Des manifestations de masse sont attendues dimanche en Egypte pour
réclamer la démission ou au contraire défendre le président islamiste
Mohamed Morsi, confronté à une grave épreuve de force pour le premier
anniversaire de son arrivée au pouvoir.
L’armée a indiqué s’être déployée dans les divers gouvernorats pour
renforcer la protection des installations vitales, et se poser en
garante de la stabilité du pays en cas de troubles graves.
Plusieurs défilés doivent converger en fin d’après-midi vers le palais
présidentiel dans le quartier d’Héliopolis, en périphérie du Caire, pour
demander le départ du chef de l’Etat, accusé par l’opposition de
gouverner au seul profit des Frères musulmans, la confrérie dont il est
issu.
Les islamistes ont prévu quant à eux la poursuite de rassemblements
entamés depuis plusieurs jours à Nasr City, un faubourg de la capitale,
pour défendre la "légitimité" du président. Le Parti de la liberté et de
la justice, émanation des Frères musulmans, a appelé samedi à une
"mobilisation générale" pour M. Morsi.
Des manifestations sont également attendues en province, où des heurts
entre adversaires et partisans du chef de l’Etat ont fait huit morts,
dont un Américain, ces derniers jours.
Des affiches appelant à se joindre aux rassemblements contre le
président Morsi sont collées sur les murs du Caire, ou sur les vitres
des voitures. Des graffitis avec la date du "30 Juin" sont également
apparus dans les rues.
Cette crise traduit, près de deux ans et demi après la chute du régime
de Hosni Moubarak, la persistance de clivages profonds et d’un climat de
crise dans le plus peuplé des pays arabes (plus de 80 millions
d’habitants), qui pèsent également lourdement son économie.
Les adversaires de M. Morsi dénoncent une dérive autoritaire du pouvoir
destinée à instaurer un régime idéologiquement et politiquement dominé
par les islamistes, ainsi que son incapacité à relancer l’économie.

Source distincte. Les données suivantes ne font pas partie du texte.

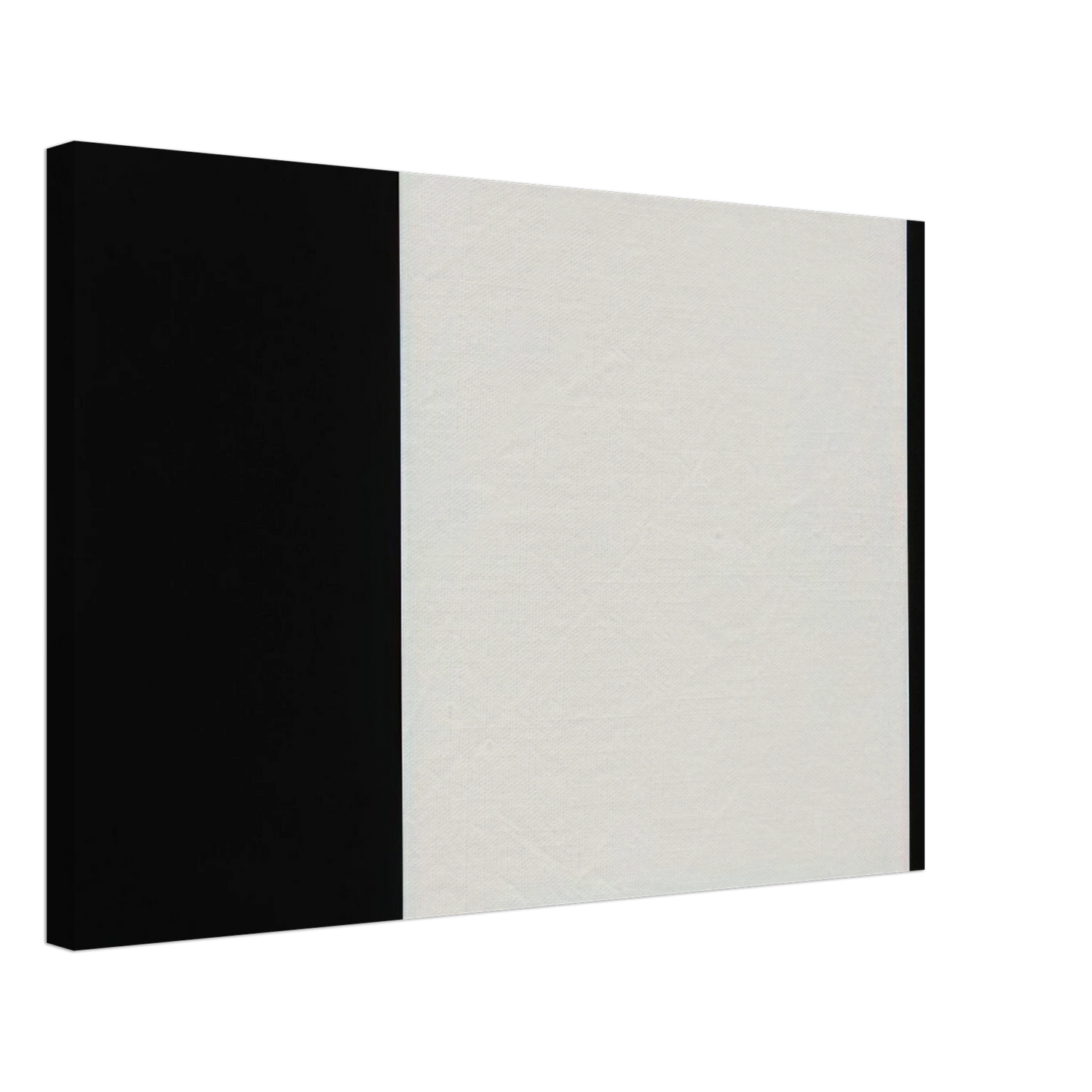 Ellsworth Kelly - Rectangle from the series Line Form Color Canvas - 40x60 cm / 16x24 inches-canvas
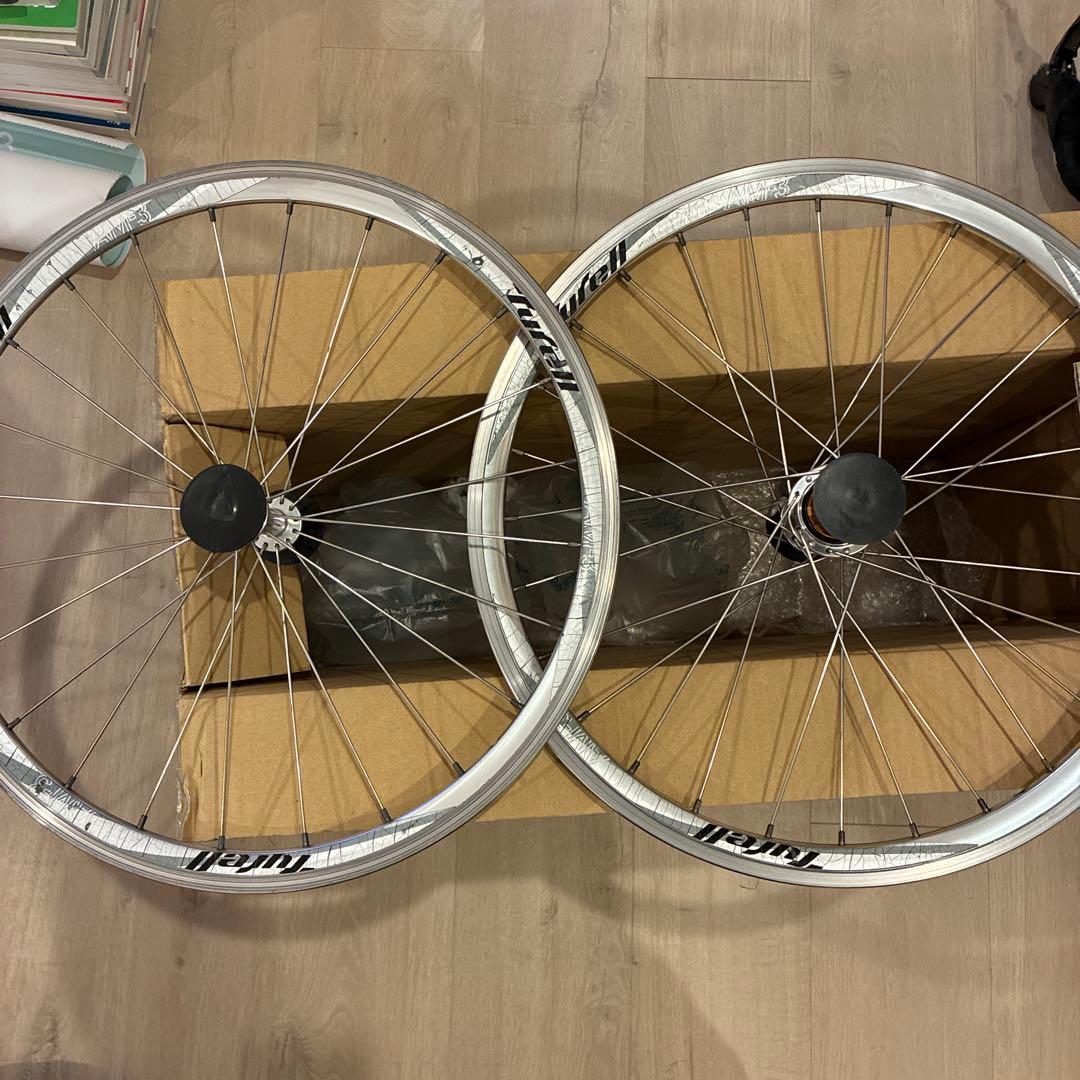 tyrell am-3アルミホイール 中古　20インチ451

Ses partisans en revanche soulignent qu’il puise sa légitimité dans la
première élection présidentielle libre de l’histoire de l’Egypte et
accusent l’opposition laïque de vouloir un "coup d’Etat".
Les appels à manifester contre le président égyptien ont été lancés par
un mouvement, Tamarrod (rébellion en arabe), qui a revendiqué quelque 22
millions de signatures réclamant son départ et l’organisation d’une
présidentielle anticipée, soit plus que le nombre d’électeurs de
M. Morsi en 2012 (13,23 millions).
Mohamed El Baradei, l’une des figures de l’opposition, a appelé samedi
M. Morsi à "écouter le peuple" et à laisser se tenir une présidentielle
anticipée.
Le camp présidentiel met néanmoins en avant que cette pétition n’a pas
de valeur constitutionnelle, alors que M. Morsi affirme vouloir rester
jusqu’à l’échéance de son mandat, en juin 2016.
Le président américain Barack Obama a depuis Pretoria exprimé son
"inquiétude" face à la crise en Egypte et appelé M. Morsi et
l’opposition à engager un dialogue "plus constructif".
Craignant des dérapages violents, le département d’Etat a annoncé le
départ d’une partie de son personnel diplomatique et conseillé aux
Américains de différer tout voyage non-indispensable en Egypte.
Plusieurs pays, dont la France et la Grande-Bretagne, ont diffusé des
consignes de prudence à leurs ressortissants, leur recommandant d’éviter
les rassemblements ou de limiter leurs déplacements.
Certaines compagnies étrangères ont demandé à leurs salariés expatriés ou leurs familles de partir.
La crainte d’une aggravation de la crise provoque en outre depuis
plusieurs jours une ruée des automobilistes sur les stations service, et
pousse de nombreux Egyptiens à faire des provisions.
Samedi, plusieurs parlementaires de la chambre haute (Choura), de
tendance laïque, ont démissionné pour afficher leur soutien aux
manifestations anti-Morsi.
L’opposition a refusé l’appel au dialogue, jugé de "pure façade", lancé
cette semaine par M. Morsi pour qui la polarisation extrême du pays
pourrait conduire au "chaos".
La première année au pouvoir du premier président civil et islamiste
d’Egypte a déjà été marquée par plusieurs crises, en particulier fin
2012 lors de la rédaction et l’adoption par référendum d’une nouvelle
constitution soutenue par les islamistes.